Ana SayfaGüncelAhmet Türk: Kürtler arasında birlik sağlanırsa şiddet sarmalı son bulur

Ahmet Türk: Kürtler arasında birlik sağlanırsa şiddet sarmalı son bulur

HABER MERKEZİ – Gazete Karınca’nın sorularını yanıtlayan Mardin Büyükşehir Belediyesi Eşbaşkanı Ahmet Türk, Kürtleri baskılamaya yönelik iki yönlü bir süreç işlediğini belirterek, ulusal birliğin önemine dikkat çekti. Türk, “Kürtler arasında bir birlik sağlanırsa Türkiye, İran, Irak, Suriye’deki aktörlerle daha doğru bir diyalog kurulabilir, demokratikleşmenin önü açılır ve bu şiddet sarmalından kurtulma şansı olunur” değerlendirmesinde bulundu.


Bekir Avcı & Lokman Sazan


İçişleri Bakanlığı tarafından geçici olarak görevden uzaklaştırılan Mardin Büyükşehir Belediyesi Eşbaşkanı Ahmet Türk, Gazete Karınca’ya konuştu.

24 Kasım 2016’da tutuklanarak 3 Şubat’ta tahliye edilen deneyimli Kürt siyasetçi, gündeme dair sorularımızı yanıtlarken, ilkin siyasetin 1970’lerden bugüne genel bir seyrini ve bugünkü tabloyu değerlendirdi.

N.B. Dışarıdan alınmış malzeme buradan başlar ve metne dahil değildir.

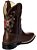 Bota Texana Em Couro Floter Cor Café 703 - Imagem 6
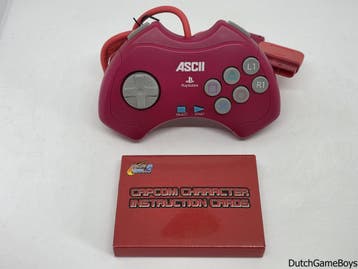 Playstation 1 / PS1 - ASCII Pad - FT2 Capcom Version, Verzenden, Gebruikt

Tarihsel olarak ‘farklılıklara karşı tekçiliği’ esas alan yaklaşıma dikkat çeken Türk,Türkiye Cumhuriyeti kuruluşundan beri farklı kimliklerin inkarı üzerine inşa edilmiş bir devlet yapısına sahip” dedi ve şunları söyledi:

Bu mantık değişmedikçe gelen hükümetlerin köklü değişiklikler yapması veya değişim dönüşümü sağlaması mümkün olmuyor. Bu nedenle diyebiliriz ki tüm süreçler birbirine benzer süreçler. Hele hele konu Kürt meselesi olunca, burada çok farklı bir gelişme olmuyor. Çünkü kuruluşundan beri Ortadoğu’da çıkan ulus-devletlerin yapısına baktığımızda hepsi Kürtleri bir tehlike olarak görmüşler, Kürtlerin bir statüye kavuşmaması için adeta bir iş birliği içine girmişleridir. Bu nedenle Kürt meselesi, demokratik hak ve özgürlükler noktasında zaman zaman sanki çözülecekmiş gibi davranılıyor ama özünde İttihat ve Terakki mantığının hakim olduğu ulusalcı anlayıştan kendini kurtaramıyor.

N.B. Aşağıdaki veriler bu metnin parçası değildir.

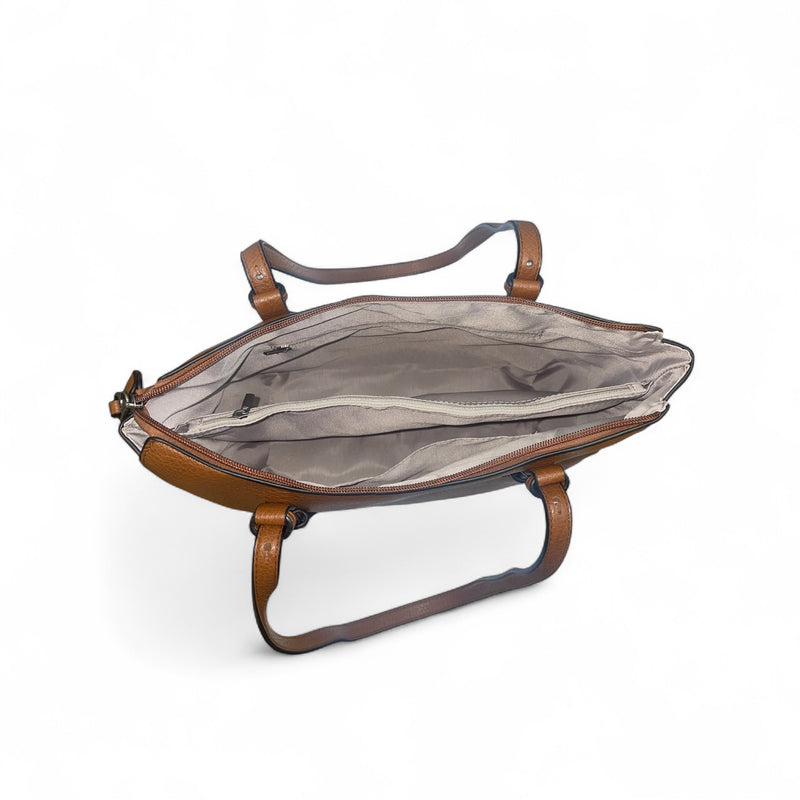 Sac à main Mocca M2512-02 COGNAC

Demokratik değişim ve dönüşüm olmadığı, Kürtlerin bir halk olduğu ve bir kimliklerinin olduğu gerçeği kabul edilmediği müddetçe benzer süreçlerin tekrar ettiğine ve edeceğine vurgu yapan Türk, “Yani aktörler ve hükümetler ne kadar değişse de Kürt meselesi içselleştirilmediği için çok fazla sonuç alınamıyor” dedi.

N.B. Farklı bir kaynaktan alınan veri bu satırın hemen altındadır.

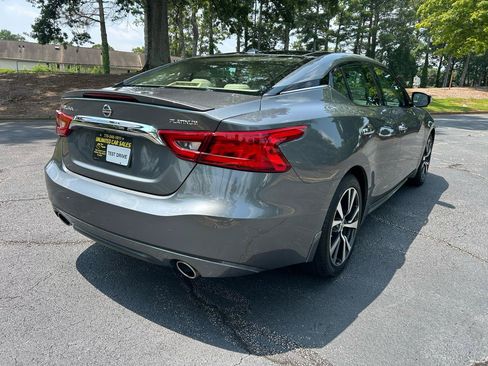 Used 2016 Nissan Maxima Platinum FWD image 5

55 yıldır aktif siyasetin içerisinde olan Türk, 1970’lerden bugüne değin siyasetin akışına ve bugünkü duruma ise şu sözlerle dikkat çekti:

70’lerden günümüze geldiğimizde… 1980’leri yaşadık. O dönemde Kürtlerin çok aktif bir siyaseti olmamasına rağmen Kürtler o dönem de hedef alındı, 12 Eylül Diyarbakır zindanları benzeri şeyler yaşandı. 1990’lara geldiğimizde ise faili meçhul cinayetler, köylerin yakılması gündeme geldi. Bir sindirme politikası vardı. Ancak kaba bir şiddetle bastırma söz konusuydu.

Bugüne geldiğimizde ise 7 Haziran’dan sonra çözüm kabiliyeti olmayan, Kürtlerin hak ve özgürlüklerini içselleştirmeyen anlayış olunca bu çözüm süreçlerini ileriye götürme şansı olmadı. Çünkü burada bir hakkın ve hukukun teslimi, bunun tanınması mantığıyla yaklaşılmadığı için süreç değişti, sistematik bir şey başladı. Türkiye halkları demokrasi kültürünü içselleştirmediği için süreçler kendini tekrarlıyor.

Geçmişe göre belki kaba şiddet yok ama geçmişten daha tehlikeli bütün kurumları, bütün her şeyi kontrol altına almaya çalışan bir mantıkla karşı karşıyayız.

“Kürtleri baskılamaya yönelik iki yönlü bir süreç var”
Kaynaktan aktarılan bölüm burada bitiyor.